> [WHAT IS REQUIRED]: A word-for-word copy of all entries is required, without images.

--- DATASET EXTRACT ---

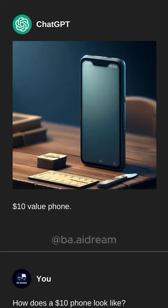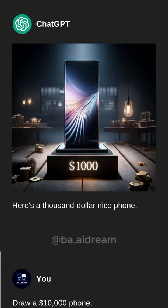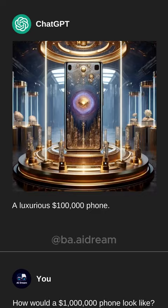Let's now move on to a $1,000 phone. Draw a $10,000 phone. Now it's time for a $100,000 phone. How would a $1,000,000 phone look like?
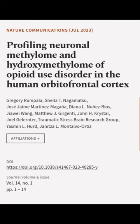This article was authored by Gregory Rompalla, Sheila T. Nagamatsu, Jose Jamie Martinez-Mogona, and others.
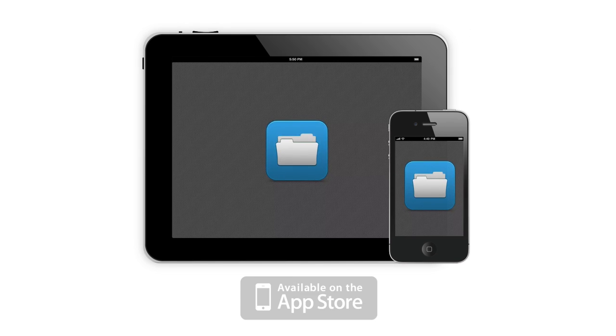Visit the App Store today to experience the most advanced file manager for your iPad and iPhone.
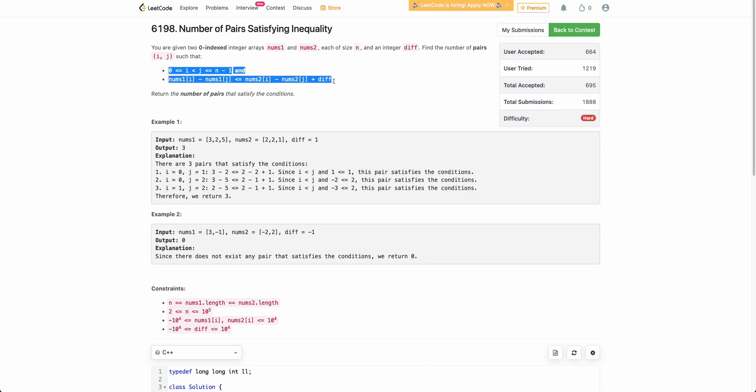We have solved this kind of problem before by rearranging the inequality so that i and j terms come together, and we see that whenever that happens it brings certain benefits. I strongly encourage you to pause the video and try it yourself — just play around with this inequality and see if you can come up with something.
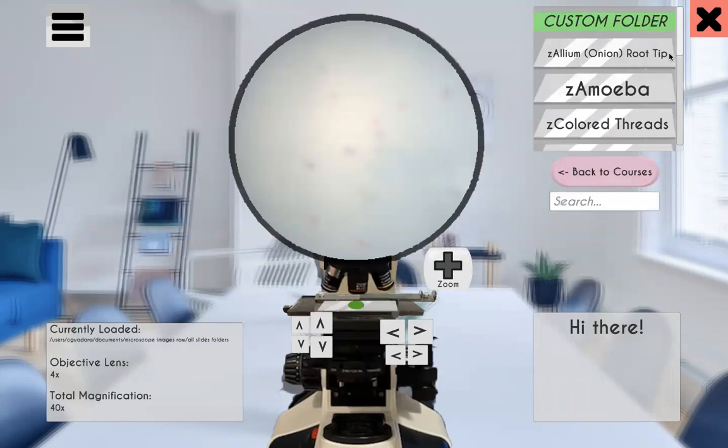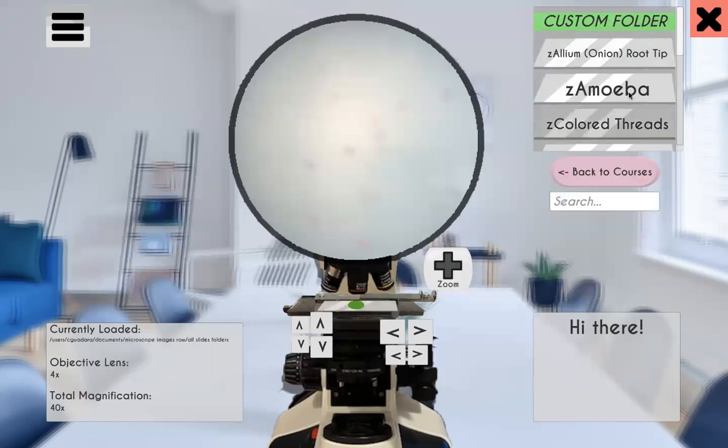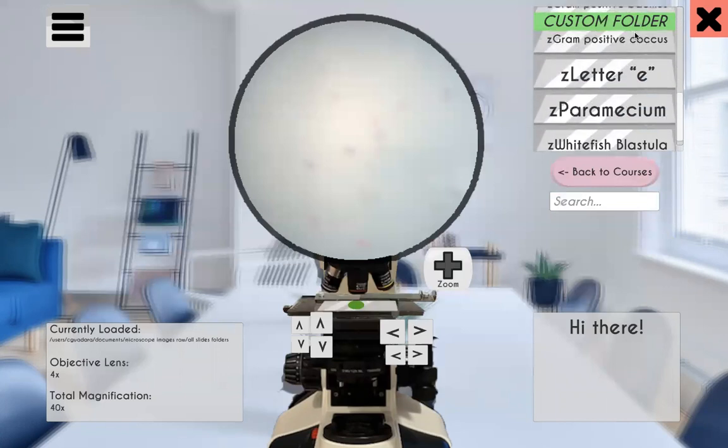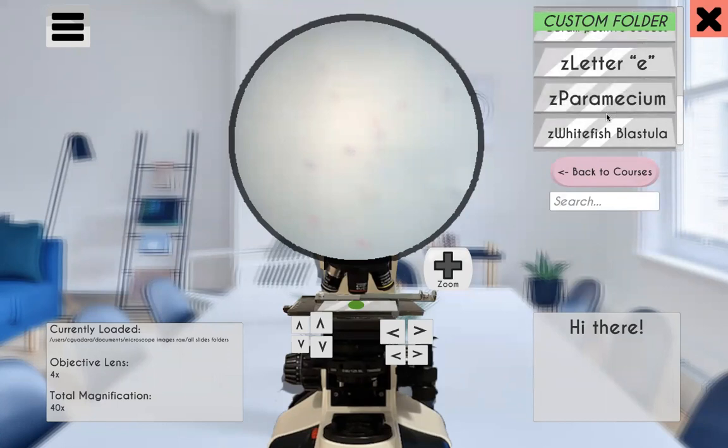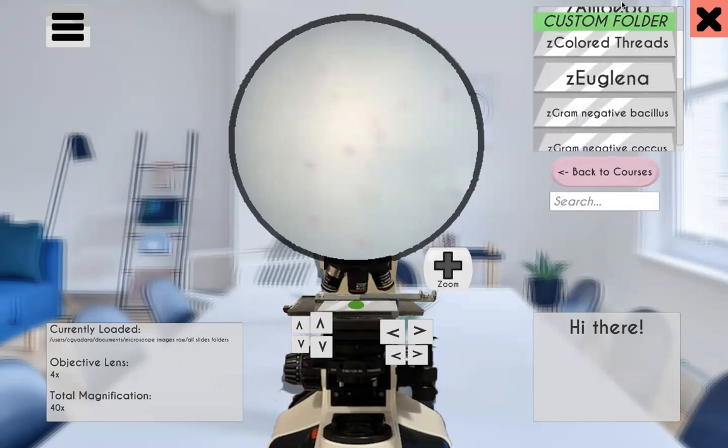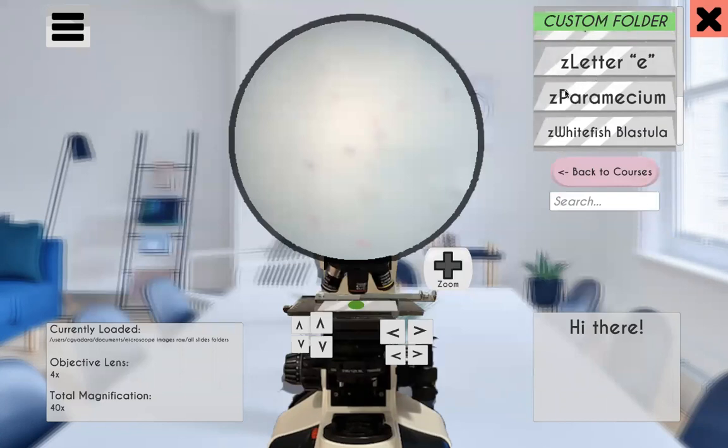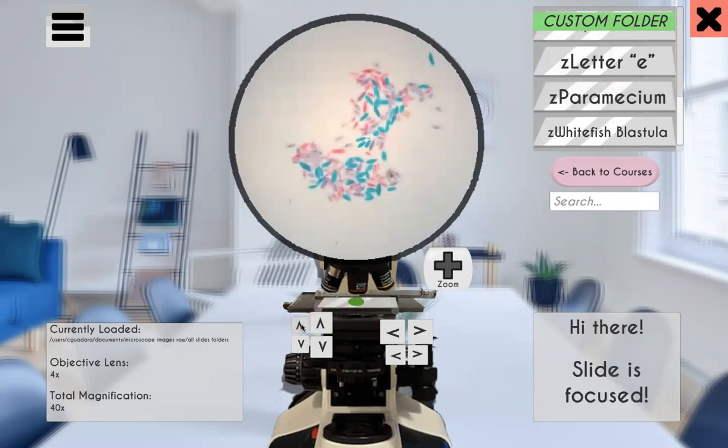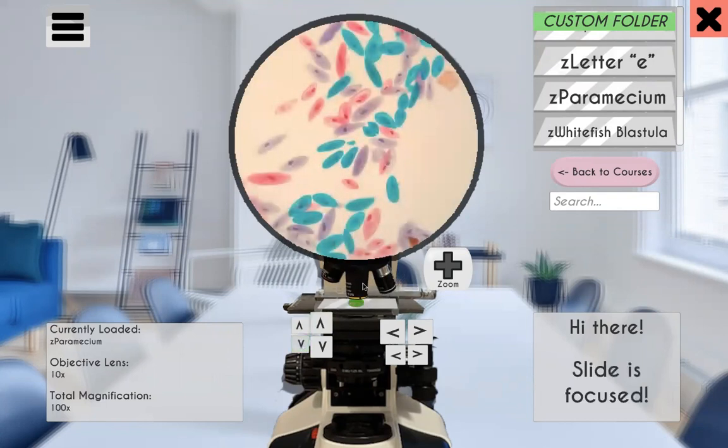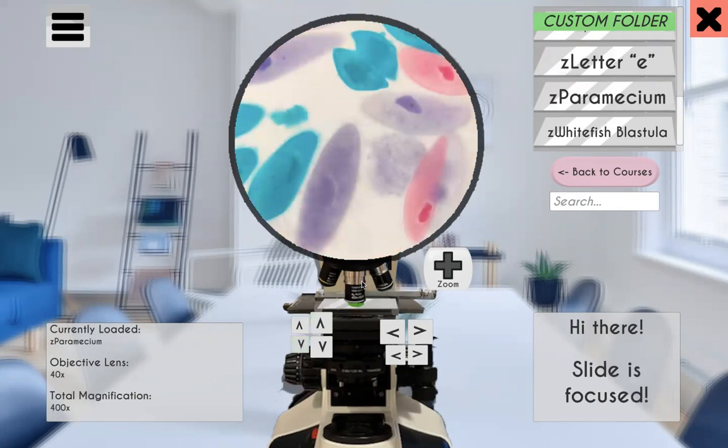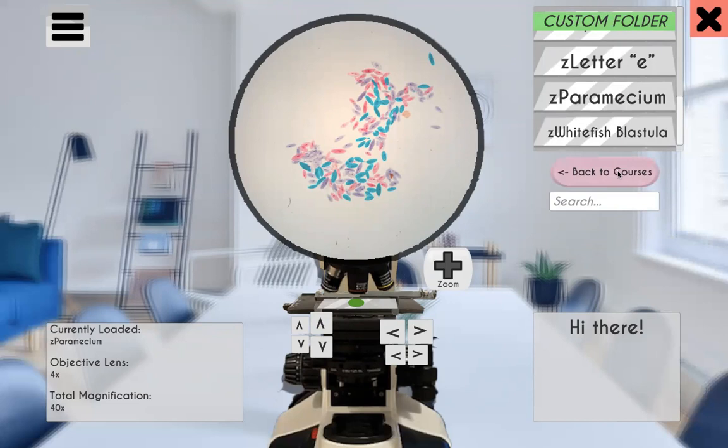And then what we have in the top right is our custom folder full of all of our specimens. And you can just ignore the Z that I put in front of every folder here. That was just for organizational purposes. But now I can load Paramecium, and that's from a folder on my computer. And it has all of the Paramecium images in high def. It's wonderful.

---

> [SOLVED EXERCISE]:
Let's now move on to a $1,000 phone. Draw a $10,000 phone. Now it's time for a $100,000 phone. How would a $1,000,000 phone look like?
This article was authored by Gregory Rompalla, Sheila T. Nagamatsu, Jose Jamie Martinez-Mogona, and others.
Visit the App Store today to experience the most advanced file manager for your iPad and iPhone.
We have solved this kind of problem before by rearranging the inequality so that i and j terms come together, and we see that whenever that happens it brings certain benefits. I strongly encourage you to pause the video and try it yourself — just play around with this inequality and see if you can come up with something.
And then what we have in the top right is our custom folder full of all of our specimens. And you can just ignore the Z that I put in front of every folder here. That was just for organizational purposes. But now I can load Paramecium, and that's from a folder on my computer. And it has all of the Paramecium images in high def. It's wonderful.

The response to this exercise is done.